Isso é coisa de gremista, mas a torcida do Grêmio me adorava. Eu brincava muito, apavorava mesmo, depois na rua os caras chegavam e diziam “você é demais!”. Sempre fui de mandar umas frases, brincadeiras e a torcida gremista era muito bacana comigo. Um dia começaram a me chamar de Coalhada no mercado, mas levava na esportiva e os caras ficavam loucos, queriam que eu ficasse bravo. Encontrava o pessoal e me falavam “sou gremista, mas você é foda!”. Associavam minha imagem a de um cara muito de brincalhão, como se não quisesse nada com nada e isso não era verdade. Foram vários títulos, vários times, grandes ou não, mas sempre trabalhando forte. Tinha esse jeitão divertido, mas quando era pra trabalhar, trabalhava mesmo! E fui evoluindo ao longo da minha carreira. No começo, era mais rápido, mais habilidoso, mais novo. Depois fiquei mais velho e virei garçom! Conforme o tempo vai passando, você se adapta a um novo ritmo de vida.

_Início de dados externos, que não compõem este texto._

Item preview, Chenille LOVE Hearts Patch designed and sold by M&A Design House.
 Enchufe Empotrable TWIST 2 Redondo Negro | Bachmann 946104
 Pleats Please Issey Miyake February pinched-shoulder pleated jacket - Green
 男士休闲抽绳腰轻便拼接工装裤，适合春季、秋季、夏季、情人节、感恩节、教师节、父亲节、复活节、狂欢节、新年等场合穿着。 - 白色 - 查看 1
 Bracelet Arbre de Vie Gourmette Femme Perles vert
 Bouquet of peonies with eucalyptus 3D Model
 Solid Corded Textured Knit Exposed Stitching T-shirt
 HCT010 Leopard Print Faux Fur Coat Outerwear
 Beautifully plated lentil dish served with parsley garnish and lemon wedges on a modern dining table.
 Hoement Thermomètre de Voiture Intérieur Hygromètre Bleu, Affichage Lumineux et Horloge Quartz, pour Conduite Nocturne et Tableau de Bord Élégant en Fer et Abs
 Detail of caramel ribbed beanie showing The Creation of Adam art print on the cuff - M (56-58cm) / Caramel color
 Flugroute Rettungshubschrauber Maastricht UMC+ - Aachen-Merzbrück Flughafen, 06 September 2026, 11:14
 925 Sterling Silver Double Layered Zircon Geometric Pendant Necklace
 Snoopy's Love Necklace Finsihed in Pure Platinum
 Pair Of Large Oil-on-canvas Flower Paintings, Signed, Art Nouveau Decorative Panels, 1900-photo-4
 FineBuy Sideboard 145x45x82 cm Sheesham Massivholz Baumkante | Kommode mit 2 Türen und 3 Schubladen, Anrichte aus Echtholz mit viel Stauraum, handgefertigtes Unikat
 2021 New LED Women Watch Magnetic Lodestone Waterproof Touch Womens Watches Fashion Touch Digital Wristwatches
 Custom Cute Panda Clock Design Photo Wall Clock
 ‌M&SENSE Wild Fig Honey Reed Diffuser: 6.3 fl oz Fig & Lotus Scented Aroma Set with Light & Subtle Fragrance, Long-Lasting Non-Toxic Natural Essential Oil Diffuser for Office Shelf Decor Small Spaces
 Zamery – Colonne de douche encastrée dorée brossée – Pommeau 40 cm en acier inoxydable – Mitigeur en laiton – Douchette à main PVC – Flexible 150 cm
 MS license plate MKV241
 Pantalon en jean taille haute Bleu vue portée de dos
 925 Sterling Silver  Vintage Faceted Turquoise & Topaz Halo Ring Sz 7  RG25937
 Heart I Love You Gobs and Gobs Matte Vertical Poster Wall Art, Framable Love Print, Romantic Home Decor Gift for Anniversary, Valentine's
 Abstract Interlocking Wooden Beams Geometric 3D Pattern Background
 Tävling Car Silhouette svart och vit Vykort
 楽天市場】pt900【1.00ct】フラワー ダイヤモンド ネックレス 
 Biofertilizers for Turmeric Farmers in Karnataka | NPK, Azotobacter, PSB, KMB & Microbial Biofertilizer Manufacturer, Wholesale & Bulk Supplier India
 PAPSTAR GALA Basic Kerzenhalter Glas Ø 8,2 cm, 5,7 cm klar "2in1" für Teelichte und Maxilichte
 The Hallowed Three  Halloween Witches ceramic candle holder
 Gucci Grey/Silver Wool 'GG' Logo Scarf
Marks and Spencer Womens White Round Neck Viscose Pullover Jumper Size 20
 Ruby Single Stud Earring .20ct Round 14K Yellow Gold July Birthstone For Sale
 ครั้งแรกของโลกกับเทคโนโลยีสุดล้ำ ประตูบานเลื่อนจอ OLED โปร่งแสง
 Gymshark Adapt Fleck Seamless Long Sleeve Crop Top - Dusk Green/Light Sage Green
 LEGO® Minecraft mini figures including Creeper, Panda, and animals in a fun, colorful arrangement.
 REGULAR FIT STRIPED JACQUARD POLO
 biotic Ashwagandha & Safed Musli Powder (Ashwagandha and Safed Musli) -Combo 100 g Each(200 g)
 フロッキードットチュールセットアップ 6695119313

De segunda a quarta descanso, porque churrasco e cerveja quatro dias na semana é puxado.
Pra que time você torcia quando começou a jogar bola?
Coxa. Na época era um nome forte no estado. Meu pai era santista, então, às vezes, também fazia um agrado pro velho. O Paraná Clube ainda não existia, eram Pinheiros e Colorado. Já o Coritiba e o Atlético estavam ali, mais fortes em Curitiba e acabei escolhendo o Coxa.
E hoje, por qual time o Perdigão torce?
Quando me tornei jogador veio o Paraná. Acabei virando paranista, por tudo que aconteceu, por ter saído dali, por ter aprendido muito no clube. Me deu base, estrutura para tocar a minha carreira. Também gosto de ver os meus parceiros jogando bem, tipo o Alex, no Coritiba, o Índio no Inter. Mas torço pelo Paraná pela gratidão.
Hoje tu toma tua cervejinha, come churrasco, enfim, aproveita a vida?
Sim, ontem mesmo nós fizemos um churrasco aqui. Hoje tô curtindo muito, levo as crianças no colégio. Sou um pai mais presente, porque no passado não havia essa possibilidade. De vez em quando, bato minha bolinha. E tenho meus empreendimentos, que proporcionam minhas rendinhas. E nesses quatro anos pós-aposentadoria, aproveitei mesmo, fiquei mais de boa.
Nós organizamos um campeonato de futebol [ImpedCopa], duas vezes por ano. Podemos te convidar para o próximo? Tem churrasco também.
Porra, claro! Mas só se for entre quinta e domingo. De segunda a quarta descanso, porque churrasco e cerveja quatro dias na semana é puxado. E, também, não jogo mais que 15 minutos. Pode colocar no contrato que eu assino!